Among its rulings today, the court decided Miller v. Alabama by a narrow 5-4 margin, ruling that statutes in Alabama and Arkansas that require life sentences without the possibility of parole for juveniles convicted of homicides as adults violated the parameters set for punishment in the Eighth Amendment.
Writing for the majority, Justice Elena Kagan, joined by Justices Anthony Kennedy, Ruth Bader Ginsburg, Stephen Breyer, and Sonia Sotomayor, ruled that:
[Such a mandatory sentencing scheme] runs afoul of our cases’ requirement of individualized sentencing for defendants facing the most serious penalties. We therefore hold that mandatory life without parole for those under the age of 18 at the time of their crimes violates the Eighth Amendment’s prohibition on “cruel and unusual punishments.”

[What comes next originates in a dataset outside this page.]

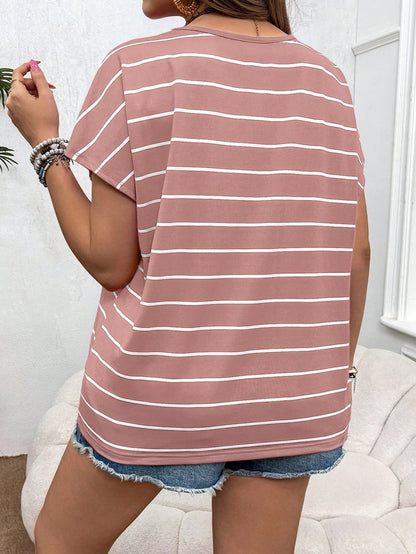 VCAY Plus Size Boho Rainbow Striped Short Sleeve Round Neck T-Shirt For Vacation, Summer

The case involved two fourteen year olds ,one in Alabama, the other in Arkansas, convicted of murders that involved multiple conspirators, including an adult in one of the cases. The Court’s ruling also took note of the juveniles’ home lives, drug abuse and other factors, drawing from the precedent of Graham v. Florida, where the court noted juveniles were a different “class of offenders” and that sentencing juveniles to life in prison without parole for non-homicide offenses was “cruel and unusual,” as well as Roper v. Simmons, where the court banned the death penalty for minors.
Graham also found life without parole to be a punishment equivalent to the death penalty. The court’s ruling in Miller v. Alabama, then, linked the precedent in Roper to that in Graham to establish that because the death penalty for minors is “cruel and unusual” and because life without parole is equivalent to the death penalty, minors ought not be sentenced to life in prison without parole even in capital offenses.

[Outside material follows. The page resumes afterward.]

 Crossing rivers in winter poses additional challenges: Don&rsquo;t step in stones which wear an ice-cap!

Writing for the minority, Chief Justice John Roberts argued that such application of the Eighth Amendment was subjective, that it was not “unusual” to have sentencing guidelines on the books that mandated life in prison without parole for a 17 year old charged with murdering an innocent victim, and that there was no “national consensus” against such sentencing guidelines. The minority opinion disputed the court’s finding that there was no discretion in sentencing the two fourteen year olds in this case to life in prison without parole because prosecutors could have tried the children as juveniles but decided instead to try them as adults, thus showing discretion to Roberts’ satisfaction.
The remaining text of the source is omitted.